# Highslidegallery in iframe - "expand" (natürlich) abgeschnitten



## fablicate (22. Nov 2015)

Hallo,

auf meiner Suche durchs Netz nach Hilfe, bin ich hier gelandet (ich hoffen im richtigen Unterforum-habe nichts anderes gefunden und IRC-Chat nutze ich nicht). Es sind im engeren Sinne keine Hausaufgaben, aber ich hoffe ihr könnt mir trotzdem helfen.

Problem:
Ich habe eine Website erstellt und da sich der Aufbau vieler Unterseiten gleicht, die Fotogalerien aber immer anders sind, wollte ich diese via iframe einbinden. Die mitgelieferte Galeriesoftware meines Programm (Webdesigner Premium 11) scheint auf der Highslidegallery zu basieren. Jetzt kenne ich mich mit Java so überhaupt nicht aus und bekomme es nicht hin, das sich nach dem klicken auf das Vorschaubild, das "Expand-Bild" nicht im iframe, sondern als oberste Ebene öffnet (habe gelesen das müsste normalerweise mit "target=_parent" gehen)

Soweit ich mich jetzt innerhalb von 2 Tagen in das Thema eingelesen habe, gibt es nur die möglichkeit via alginX und alginY die Position zu bestimmten, aber keinerlei Möglichkeit das öffnen auf der obersten Ebene global zu erzwingen.

Liege ich da richtig?
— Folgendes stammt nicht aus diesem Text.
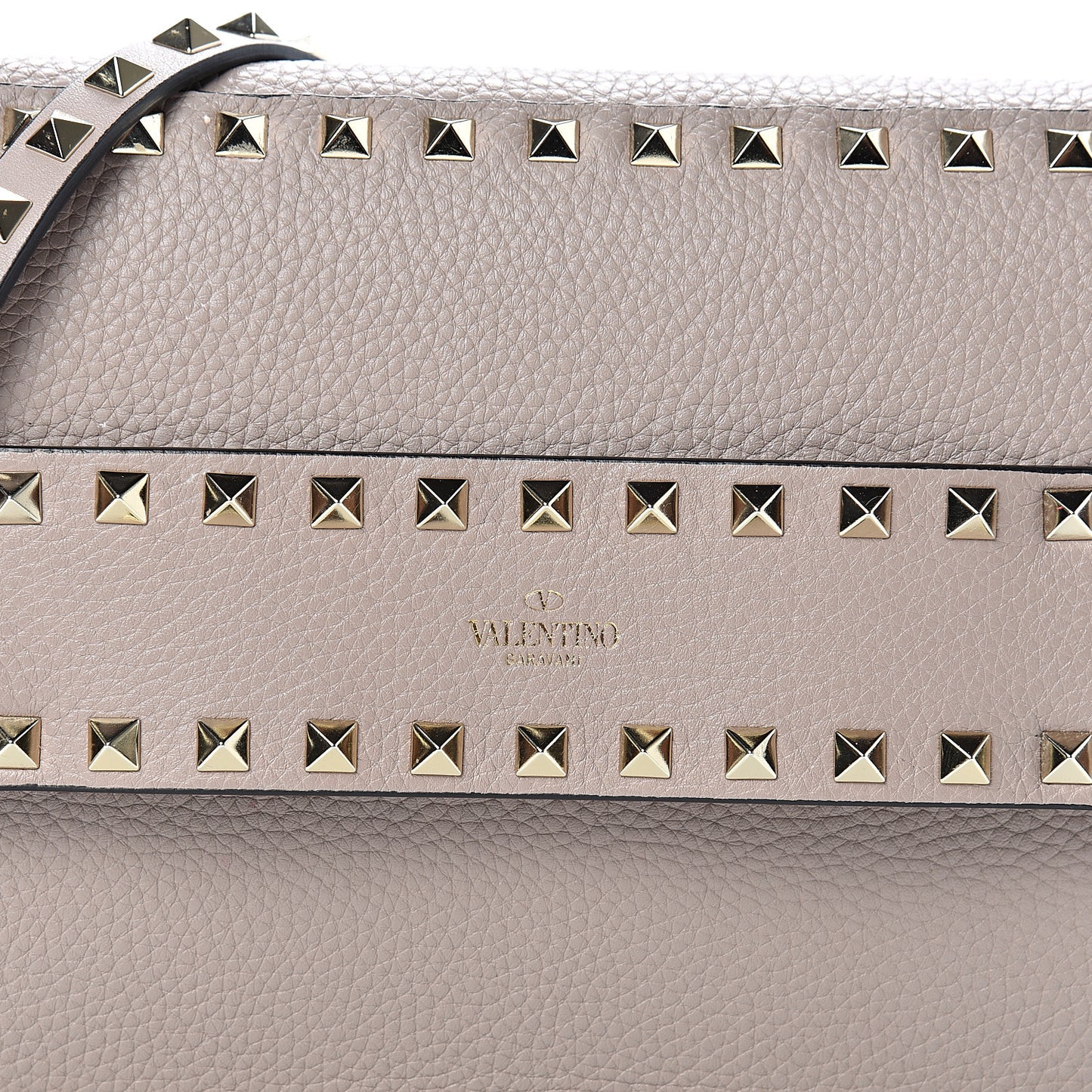 Pebbled Calfskin Rockstud Side Slip Crossbody Poudre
Was kann ich tun? Alles noch mal von vorne überdenken?

Hoffnungsvolle Grüße

fablicate


----------



## Flown (22. Nov 2015)

Du bist nicht im falschen Unterforum, sonder prinzipiell im falschen Forum! Java != JavaScript

Aber vielleicht gibt es doch jemanden mit Kenntnissen zu deinem Problem.


----------